Very little disappears from the Internet. Hence the appeal of a service like Snapchat, which ostensibly allows users to take photos that will only be viewable by a select group of recipients for a limited amount of time. Once that time runs out, the image disappears into the ether. Or at least that's the idea.
Turns out the reality, as of last week, is substantially uglier. Thanks to a recent security breach, hundreds of thousands of old Snapchat pictures have been posted online. The leaked data reportedly includes some photos of underage nudity.
Snapchat's security does not appear to have been compromised. Instead, hackers gained access to the photos by raiding the servers of a third-party application called Snapsaved, which allows Snapchat users to take advantage of the service on their desktop computers -- and to save the photos they receive, without the knowledge and consent of the people sending them.
Snapsaved.com is down, but the company confirmed that its security had been breached in a Saturday Facebook post. The company also said that 500 megabytes of images and "0 personal information" had been affected by the breach.

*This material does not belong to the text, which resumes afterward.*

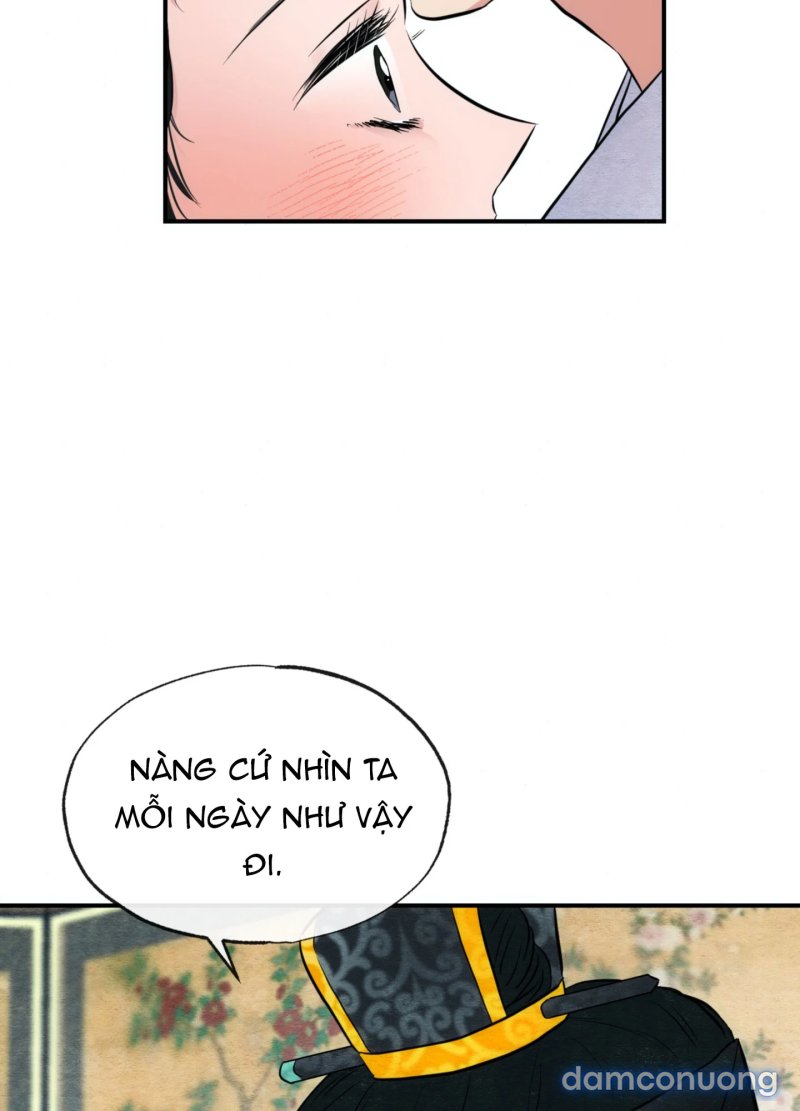 Cuồng Nhãn 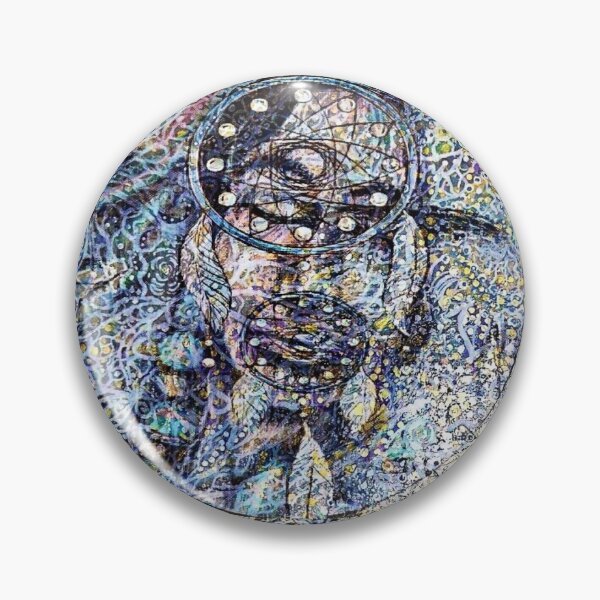 Item preview, Wise Winter Woman designed and sold by Aquila Light Pictures.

"The Snappening," as the breach is now being called, appears to be a sort of sequel to the so-called "Fappening," the massive iCloud security breach first made public on August 31. As a result of that breach, nearly 200 celebrity nude photos were posted on the website 4chan without the consent of those who appear in the pictures. The actress Jennifer Lawrence, one of those victimized by the breach, later referred to the release of those photos as a "sex crime." Some of the leaked Snapchat photos were also posted on 4chan.